Across the Atlantic, the Democratic Party in the United States paid a heavy political price in 2016 after widespread dissatisfaction among sections of its supporters over the conduct of its nomination process. Regardless of differing opinions on the merits of those claims, the perception that the process had been unfair contributed to internal disillusionment, depressed enthusiasm among parts of the electorate, and ultimately helped reshape the electoral landscape.
The British Conservative Party offers another cautionary tale. Years of internal division, leadership instability, and public perceptions of inconsistency eroded voter confidence and culminated in a crushing electoral defeat in 2024. Electorates punish parties that appear incapable of governing themselves before asking to govern a nation.
Even closer to home, numerous African governing parties have discovered that the shortest route to opposition is through internal injustice.
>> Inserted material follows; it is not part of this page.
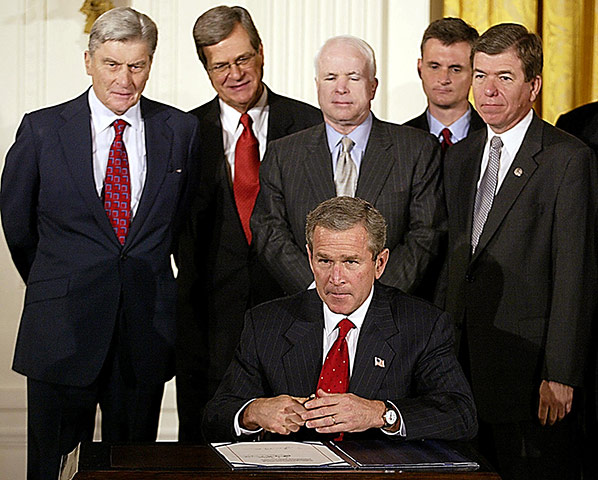 George W Bush: 16 October 2002: US President George W Bush signs congressional resolution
Candidates denied fair treatment rarely disappear quietly. Their supporters become politically homeless. And politically homeless voters often become politically dangerous.
Cross River State today is no longer the one-party landscape it once appeared to be.
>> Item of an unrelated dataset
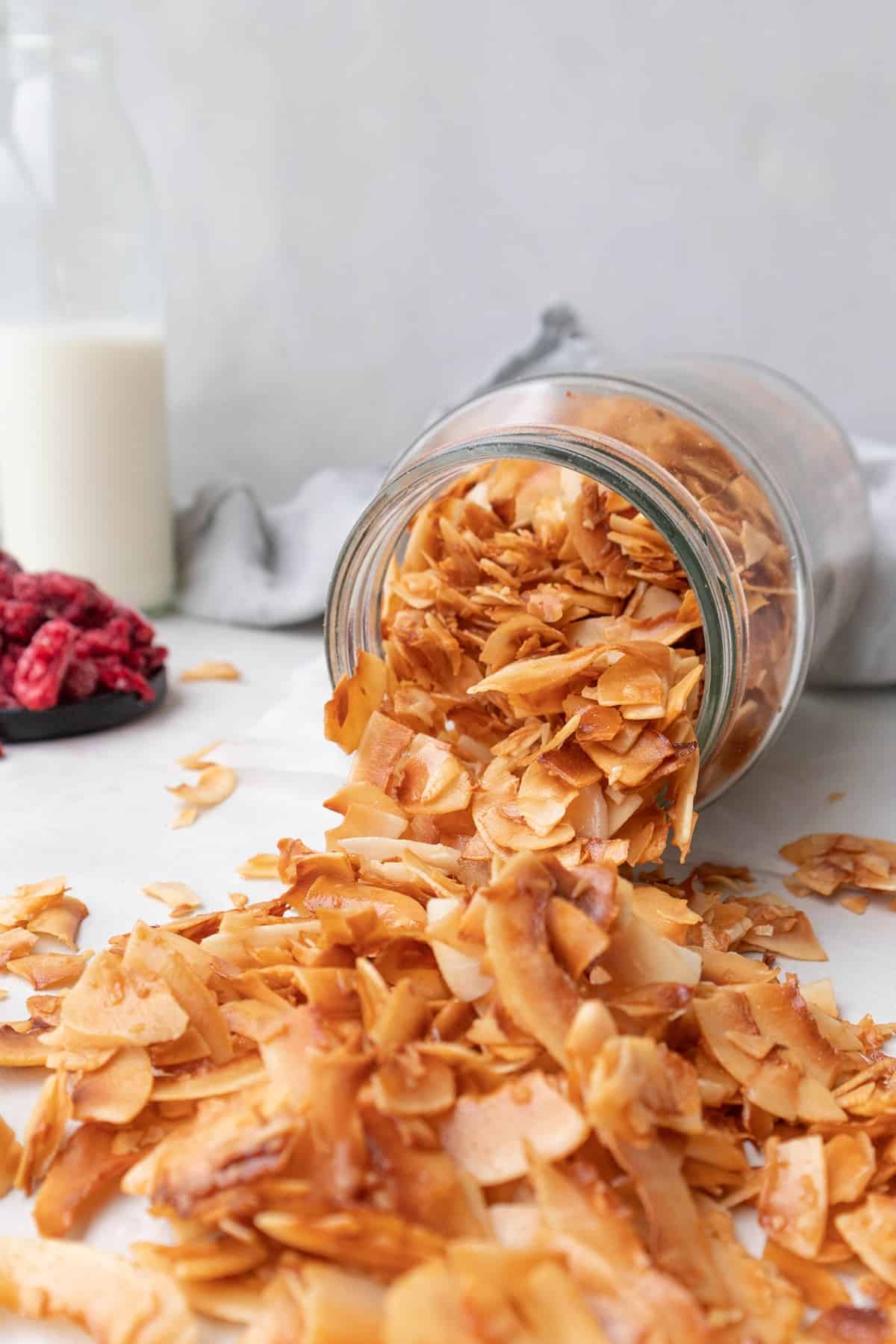 Toasted sweetened coconut flakes coming out of a jar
The PDP is reorganizing. The ADC is expanding. The NDC is gaining attention. Every week brings reports of fresh defections, growing dissatisfaction, and increasing political realignments. This is hardly the season for the APC to manufacture avoidable internal crises.
The greatest strategic error any dominant political party can make is to assume that aggrieved members have nowhere else to go. Politics abhors a vacuum. Every injustice creates an opportunity for an opponent.
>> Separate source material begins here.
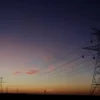 The sun sets behind power lines above the plains north of Amarillo, Texas, U.S., March 14, 2017. REUTERS/Lucas Jackson/File Photo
The recent intervention by founding APC stalwart, Hon. Cletus Obun on national television should not be dismissed as the lamentation of a dissatisfied party elder. It should be received as a warning bell from someone who understands the foundations upon which the party was built. Political parties ignore their founding voices at their own peril. History repeatedly demonstrates that institutional arrogance often precedes institutional collapse.
This controversy extends beyond Cross River Central. It speaks to a national concern about the credibility of internal democracy within the APC. If members begin to conclude that qualification guidelines exist merely as ceremonial documents while political influence determines outcomes, then confidence in the party’s internal processes will steadily evaporate.
The National Working Committee must appreciate that every unresolved grievance is not merely a local disagreement; it is an investment in future electoral losses.
There is an even greater danger.
President Bola Ahmed Tinubu’s path to re-election in 2027 will depend not only on constitutional requirements but on the collective strength of the APC across the federation. Every state contributes to that national arithmetic. Every avoidable internal crisis weakens the party’s electoral machinery. Every alienated supporter reduces enthusiasm at the grassroots.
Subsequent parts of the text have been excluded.